WORK ITEM. Give the entries back exactly as they stand, but without pictures.
[[ AVAILABLE RECORDS, beginning ]]
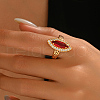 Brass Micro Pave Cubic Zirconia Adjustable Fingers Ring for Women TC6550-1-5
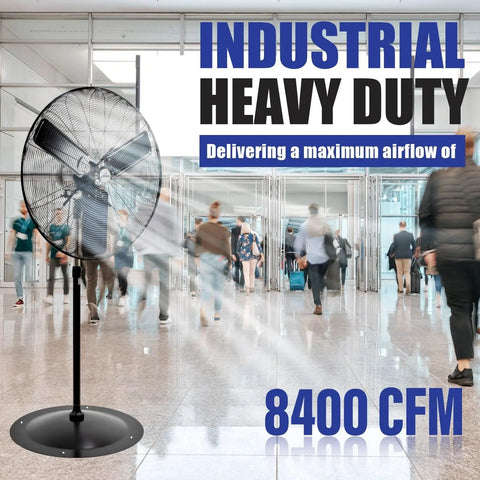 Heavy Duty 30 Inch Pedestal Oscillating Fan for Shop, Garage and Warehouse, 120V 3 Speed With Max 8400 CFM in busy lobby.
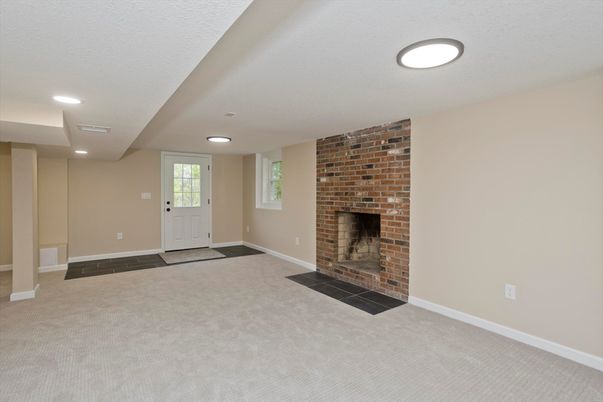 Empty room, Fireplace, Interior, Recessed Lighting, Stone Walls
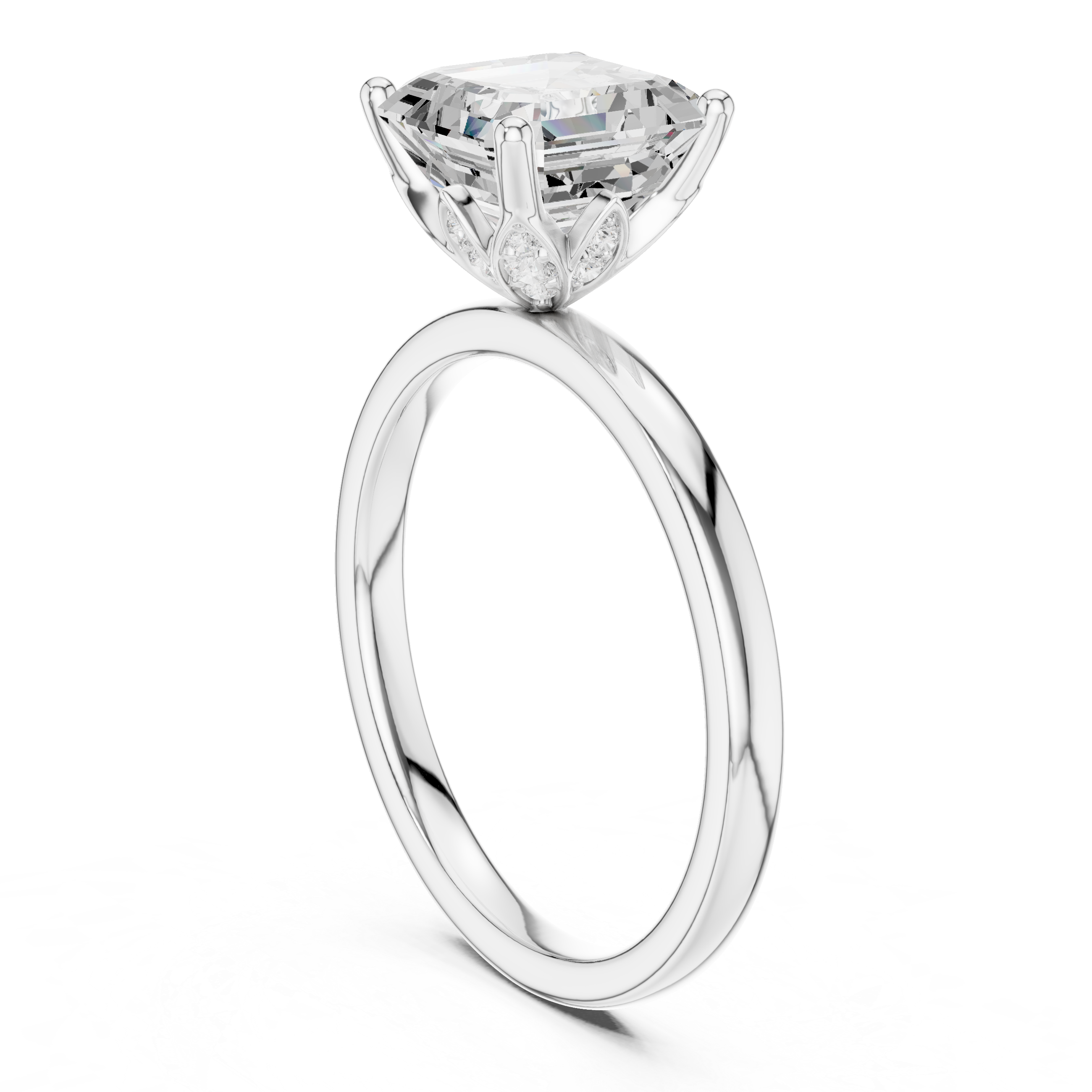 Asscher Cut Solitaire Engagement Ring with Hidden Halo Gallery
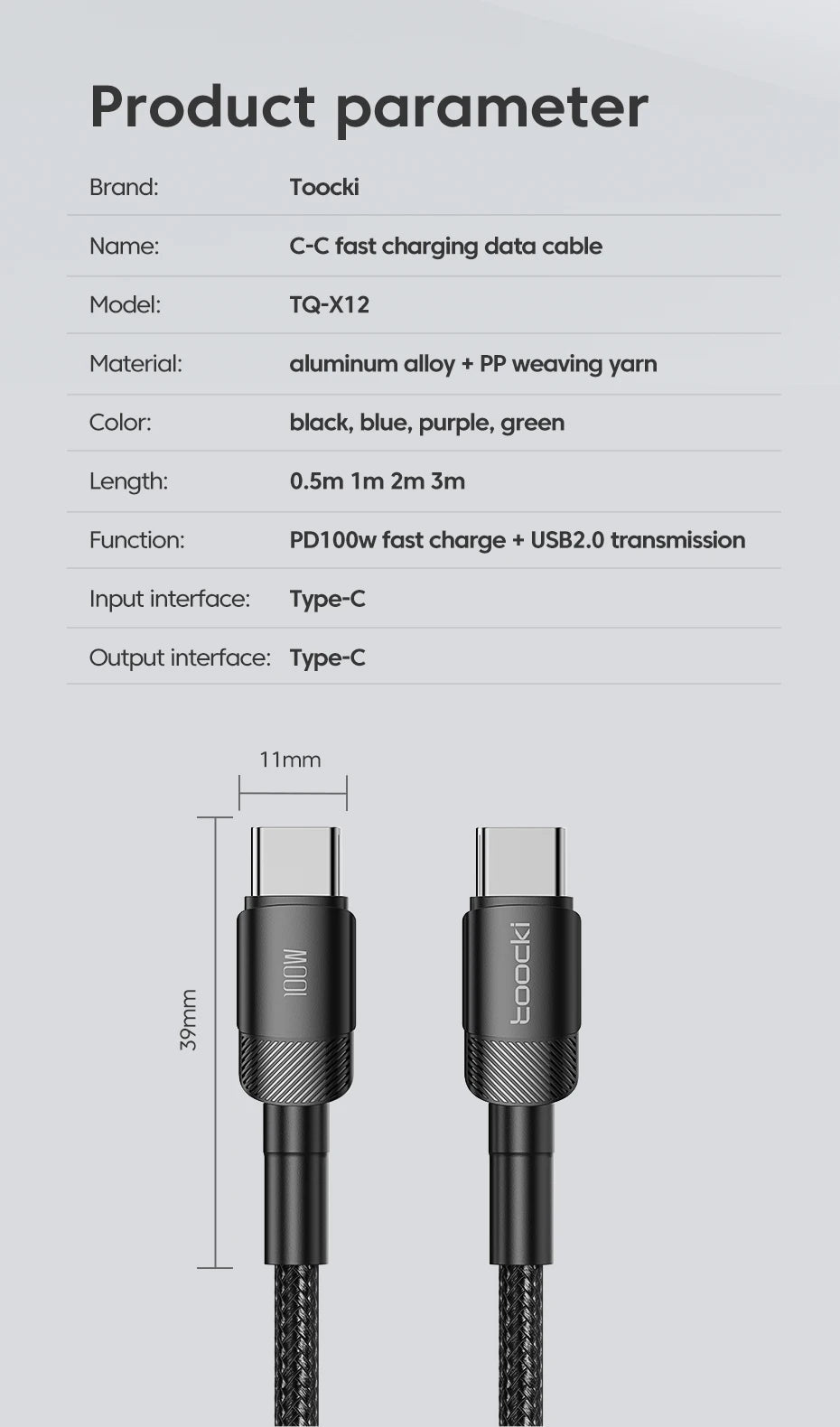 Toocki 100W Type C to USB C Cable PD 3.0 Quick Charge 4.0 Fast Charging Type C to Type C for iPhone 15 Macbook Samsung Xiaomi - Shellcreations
[[ AVAILABLE RECORDS, end ]]
EXERCISE OUTPUT.
 Brass Micro Pave Cubic Zirconia Adjustable Fingers Ring for Women TC6550-1-5
 Heavy Duty 30 Inch Pedestal Oscillating Fan for Shop, Garage and Warehouse, 120V 3 Speed With Max 8400 CFM in busy lobby.
 Empty room, Fireplace, Interior, Recessed Lighting, Stone Walls
 Asscher Cut Solitaire Engagement Ring with Hidden Halo Gallery
 Toocki 100W Type C to USB C Cable PD 3.0 Quick Charge 4.0 Fast Charging Type C to Type C for iPhone 15 Macbook Samsung Xiaomi - Shellcreations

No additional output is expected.